SSIS Assessment Report
This topic contains information about the SSIS assessment report. The input format for SSIS assessment is DTSX, which is an XML-based file format. This file contains instructions for processing data flow from the source to the target.
In This Topic:
Highlights
The highlights section gives you a high-level overview of your assessment summary based on the analysis of the selected workloads. It includes a graphical depiction of the complexity of packages as well as summary of the packages, queries and entities used.
Summary
This section summarizes the input SSIS graphs, including number of packages, executable processes, stored procedures and so on. Each file in the SSIS assessment is called a package. This report comprises a total of eight packages, implying that eight input files are provided for the assessment.
- Total Packages: Total number of input files.
- Executable Processes: Displays the number of executable processes. It is used to run external files in SSIS packages such as shell, python, etc.

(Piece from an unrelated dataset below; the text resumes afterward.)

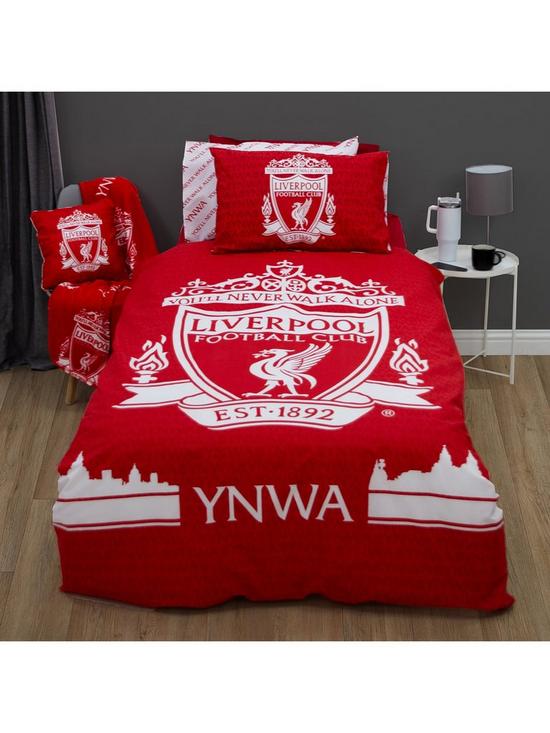 front image of liverpool-fc-panel-duvet-cover-set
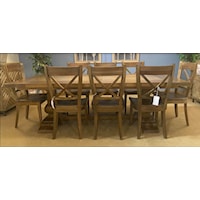 Trestle Dining Table and 8 Summerset Dining Chairs Finished in Straw Wash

- Components: A component is data flow in SSIS packages. SSIS furnishes three types of components for data flow.
- Sources: Extract the data from source data stores.
- Transformations: Modify the data.
- Destinations: Load the processed data back into data stores or store it in memory.
- Connections: Provides the number of connections used to implement integration services to move data from one place to another.
- Stored Procedures: Pre-defined SQL codes that can be reused.
- Executables: Displays the number of executables. It is control flow in SSIS packages. SSIS furnishes three types of elements for control flow.
- Containers: Provide a sequence or structure to run tasks.
- Tasks: Functional work segments of control flow elements.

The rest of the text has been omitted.